Day 1 (Landing Day, Sunday)
We left home early in the morning and boarded an 11 a.m. flight to Addis Ababa, Ethiopia. Flying for 16 hours and across many time zones felt as though we were traveling forward in time. We flew from morning to night and back to morning again; seeming to arrive six hours in the future on another continent. We arrived in Kigali, Rwanda at 12 p.m. the next day and for a second I thought we had landed in my family’s home country of Jamaica. The palm trees, warm weather, and rolling hills evoked a feeling of nostalgia and a longing to explore I had not experienced in years.
Our drive into the countryside, to where we would stay the next two weeks, took about an hour. We drove up winding roads with no railings, filled with pedestrians and motorbike taxis. The driving around us was similar to that of other countries I had visited; lots of honking and traffic regulations seen more as guidelines than laws. I sat in the backseat snapping pictures of the countryside, dealing with disappointment in my camera’s inability to capture the diversity of the croplands or how the sunlight splayed across the mountains. Everyone seemed to be doing something; even the people napping on the grass had a sense of business, as if they were catching a few winks between jobs.
In my courses, we frequently looked at photos of the homes and lifestyles of people in poverty-stricken countries. I expected the houses to be similar to the shantytowns in Jamaica, but I was still affronted by the depth of poverty I saw traveling up the mountainside. The houses were made of clay or old bricks and most of the roofs were aluminum sheets. The children wore dirty and tattered clothing, running after rolling tires in the streets or playing with broken toys in the dirt.

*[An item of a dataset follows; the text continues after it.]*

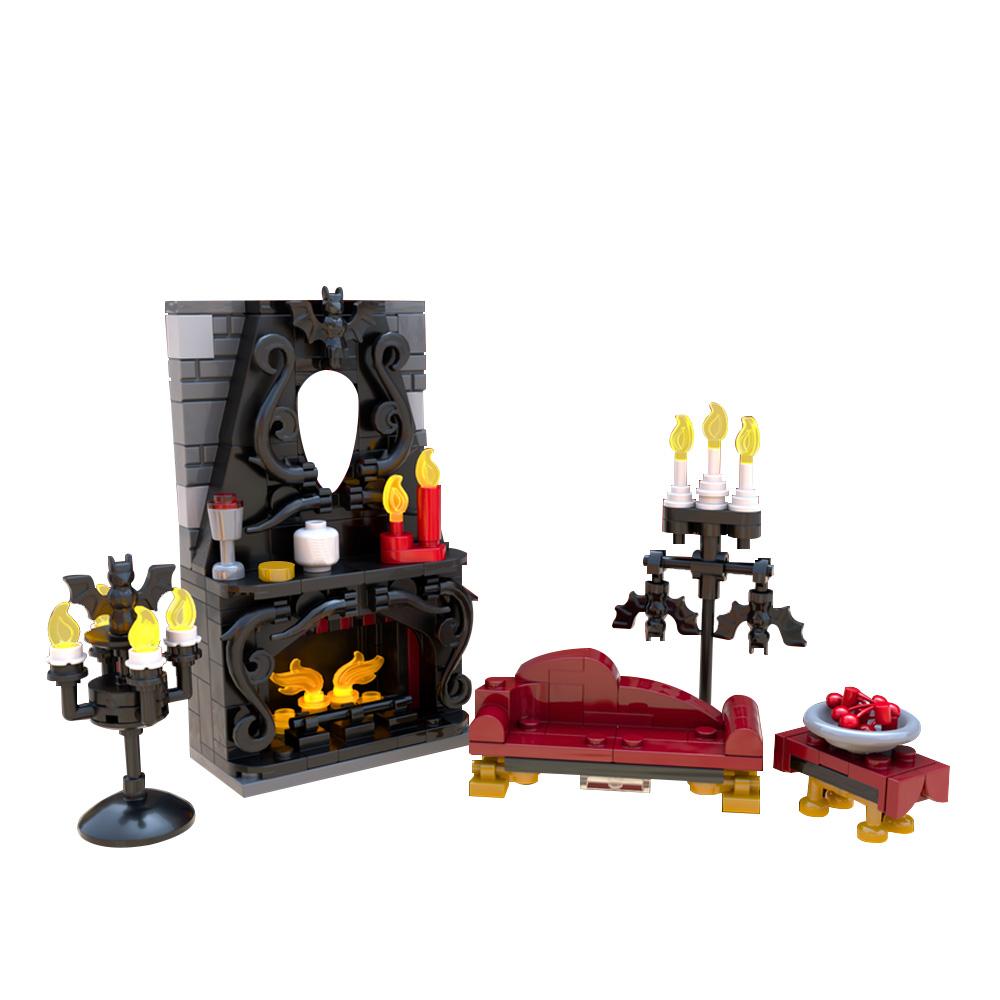 Gobricks Moc Мебель Вампира Полный НАБОР Строительные Блоки Хэллоуин Средневековый DnD Декорации Аксессуары Игрушки Набор Кирпичей Украшения Подарки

When we reached our destination I had already come to love the green landscape and the country land that seemed to be only mountains. I felt at home in the unpaved streets and rolling hills. The more we traveled up the hills the more the landscape shaped into my memories of Jamaica. However, the children’s home would shape my understanding of the Rwandan people. The kids greeted us when we arrived and in minutes I was reading them picture books as they clamored around me for a better view. We ate dinner with the kids and sat in on their worship at the end of the day. I had never felt more welcome in the home of strangers.